I have finally managed to process the 2010 data in my database on lives lost from landslides around the world. This post presents a summary of the findings.
First, the overall picture. In total I recorded 6,211 deaths in 494 landslide events. This is lower than in some previous years because of the lack of large-scale, landslide-triggering earthquakes. However, in terms of rainfall-induced events this was a bad year. This is illustrated by the two graphs below. On the left is the total fatalities that I have recorded from 2003 to 2010, including losses from landslides triggered by earthquakes. On the right is the same data but with the two huge landslide-inducing earthquakes (2005 Kashmir and 2008 Wenchuan) removed:
In total I have recorded 83,275 deaths from landslides since September 2002, a devastating total. It is also interesting to note that my data continue to record an increasing trend in the number of non-seismically induced landslides that kill people. Whilst an element of this may be associated with improved data, my interpretation is that this does reflect a real increase in the number of landslides occurring worldwide. This is clearly a worrying trend:
The largest event in terms of lives lost was the Zhouqu landslide in China on 8th August (pictured to the right), which killed 1765 people. Other very large events were the 2nd March Bududa landslide (358 deaths); the 6th April Morrao de Bubma landslide in Niteroi, Brazil (196 deaths); the 7th August debris flows in Leh, India (234 deaths); and the 4th October Wasior landslide in West Papua, Indonesia (145 deaths).
The global data that I collect typically shows a peak in the northern hemisphere summer (July and August) and a minimum in December. This year was no exception, as the graph, which plots the number of recorded landslides that killed one or more people, through the year in pentads (five day blocks):
In terms of geographic distribution, the two pie charts below show the continents with the greatest impacts. The chart on the left shows the number of landslides, whilst the one on the right shows the fatalities. As usual Asia dominates. This year the number of events and deaths was greatest in East Asia; in some years this is in South Asia.

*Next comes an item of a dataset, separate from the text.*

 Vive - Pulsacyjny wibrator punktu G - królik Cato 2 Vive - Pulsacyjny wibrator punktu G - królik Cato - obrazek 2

Naturally the dominance of E. Asia this year reflects the very serious landslide problems in China. Unsurprisingly then China was the most seriously impacted nation:
This chart shows, using the bars and the left axis, the number of deaths for the 15 nations with the largest impacts, in rank order from left to right. The line graph shows the number of fatality-inducing landslides recorded in each country (right axis).
Unfortunately, the heavy rains in Brazil, Sri Lanka and the Philippines mean that 2011 has started badly as well.
Comments, thoughts and corrections welcome.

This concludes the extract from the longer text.